Intendiamoci, non voglio riscrivere l’articolo dello scorso anno. Mi preme solo dire che il contatto visivo diretto con i 96 pezzi esposti, restaurati e ottimamente illuminati (l’allestimento è dell’arch. Lucia Anna Iovieno), è roba da “sindrome di Stendhal” per chi ha passato la vita a vederli in vecchie (e talora modeste) fotografie in bianco e nero, solo da poco rimpiazzate da quelle del catalogo di cui sopra.
La Fanciulla da Vulci, il Vecchio da Otricoli (per me, da sempre, il ritratto di Catone il Censore!), così come il celeberrimo Rilievo di scena portuale o l’imponente Hestia Giustiniani sono infatti parte dell’immaginario iconografico di qualunque antichista, dai tempi (nel mio caso lontanissimi…) degli esami universitari.
E che dire della fitta serie di busti (per lo più di imperatori e imperatrici) collocata ora nello spazio centrale delle “Gallerie” milanesi, a contorniare una statua bronzea di Germanico Cesare in posa eroica?
Sì, proprio nello stesso spazio dove è visibile un superbo sarcofago ovale, che è una delle novità rispetto alla mostra capitolina, insieme con il colossale Dace prigioniero – simile agli esemplari del Foro di Traiano – ai ritratti di Domiziano e di Antinoo, e a una Leda con il cigno da poco restaurata.
Alcuni meravigliosi sarcofagi
Tutto fantastico, lo ripeto: esattamente quello che mi aspettavo di vedere.
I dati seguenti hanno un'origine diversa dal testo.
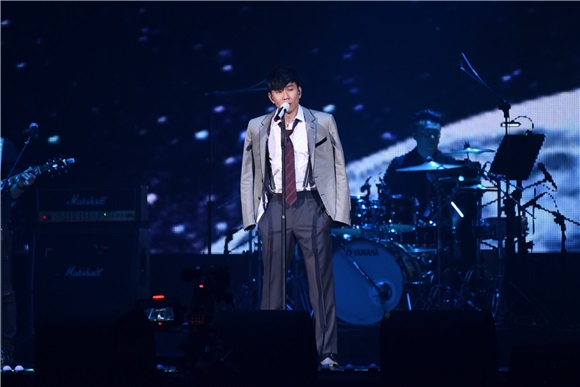 台北小巨蛋第12届KKBOX风云榜 五月天、林俊杰、容祖儿、田馥甄、玖一一、韦礼安等登台献唱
Quello che invece non mi aspettavo di vedere – ma è colpa della mia ignoranza – è un gruppo di sarcofagi di così alta qualità, a cominciare da quello che ho appena menzionato, databile alla seconda metà del III secolo, che raffigura un’affollata scena di un corteo che segue un uomo togato – il defunto – che fu probabilmente console.
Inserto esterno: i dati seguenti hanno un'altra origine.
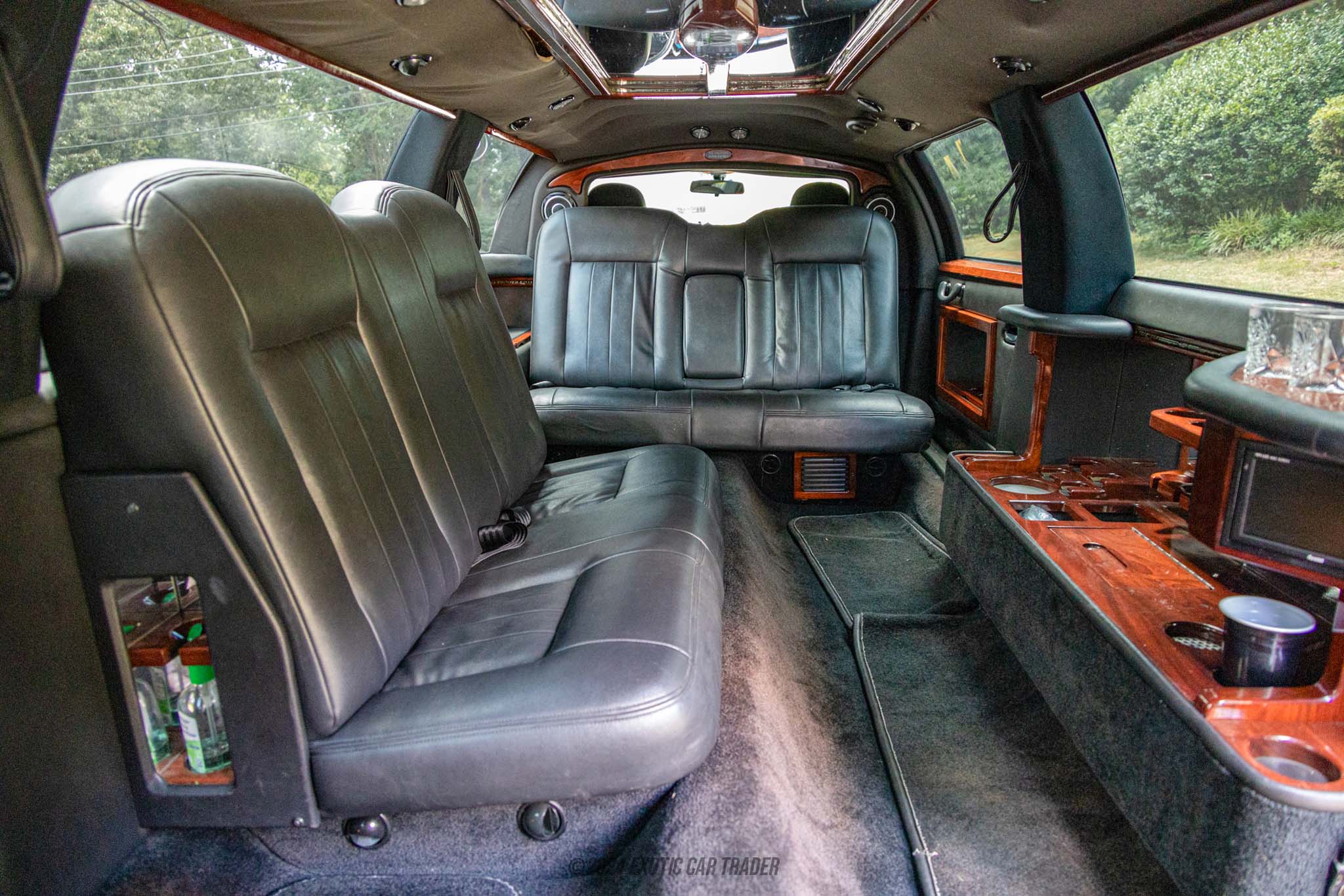 2009 Lincoln Town Car - Interior Photo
Non meno belli due altri monumenti-contenitore decorati con le consuete fatiche di Ercole e uno con il più raro trionfo indiano di Dioniso, come pure quello – l’unico ancora con epigrafe – del centurione Lucio Pullio Peregrino, più consono per la sua magnificenza e per il soggetto decorativo a un nobile d’alto rango che a un cavaliere romano: lo ricordavo oggetto di particolare attenzione nel vecchio manuale Roma. La fine dell’arte antica di Ranuccio Bianchi Bandinelli, ma non lo collegavo affatto alla Collezione Torlonia.
Ma è un altro ancora quello che mi ha maggiormente impressionato, e cioè un sarcofago strigilato decorato ai lati da due leoni, che hanno sì ghermito due prede, ma sono resi mansueti dalla presenza di un bestiarius: forse un’immagine allegorica beneaugurante, che auspica la possibilità rendere più “mansueta” anche la morte, e che di certo rende “mansueti” gli stupefatti visitatori. L’oggetto è del III secolo avanzato, e – come molti altri della collezione – presenta restauri moderni, per lo più settecenteschi.
Tra antico e moderno
E questa, a mio avviso, è una possibile, intrigante, “chiave di visita” della mostra: osservare cioè come nel corso dei secoli gli originali romani siano stati restaurati, integrati, talora ampiamente modificati. Perché a Roma, in ogni epoca, antico e moderno si sono mescolati e confusi, per mano anche di artisti del calibro di Bernini, Cavaceppi (il cui atelier è stato acquistato in blocco dai Torlonia), Piranesi o Canova, che hanno rimaneggiato monumenti classici: esempio superbo, in mostra, il cosiddetto Caprone Giustiniani, del I secolo d.C. ma con la testa mancante scolpita nel Seicento da Gian Lorenzo Bernini.
Qualche altra volta, invece, è l’oggetto antico che sembra ispirato alla modernità e anticiparla in modo sorprendente: infatti come non pensare alla celebre Anima dannata proprio del Bernini davanti al Satiro ebbro della Collezione Torlonia? E chi si stupirebbe se la Fanciulla da Vulci l’avesse scolpita Modigliani? Qui, però, mi fermo, per lasciare i miei lettori-visitatori il compito di altri “accoppiamenti” – rubando l’espressione al grande Gadda – più o meno “giudiziosi”.